Records shown →
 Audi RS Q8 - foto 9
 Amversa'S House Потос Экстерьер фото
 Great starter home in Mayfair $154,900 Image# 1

---

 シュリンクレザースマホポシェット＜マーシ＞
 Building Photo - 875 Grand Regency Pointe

What is required →
When you reach the line containing "Audi RS Q8 - foto 9" in the data above, start copying exactly, and stop after the line containing "Great starter home".

Response area →
 Audi RS Q8 - foto 9
 Amversa'S House Потос Экстерьер фото
 Great starter home in Mayfair $154,900 Image# 1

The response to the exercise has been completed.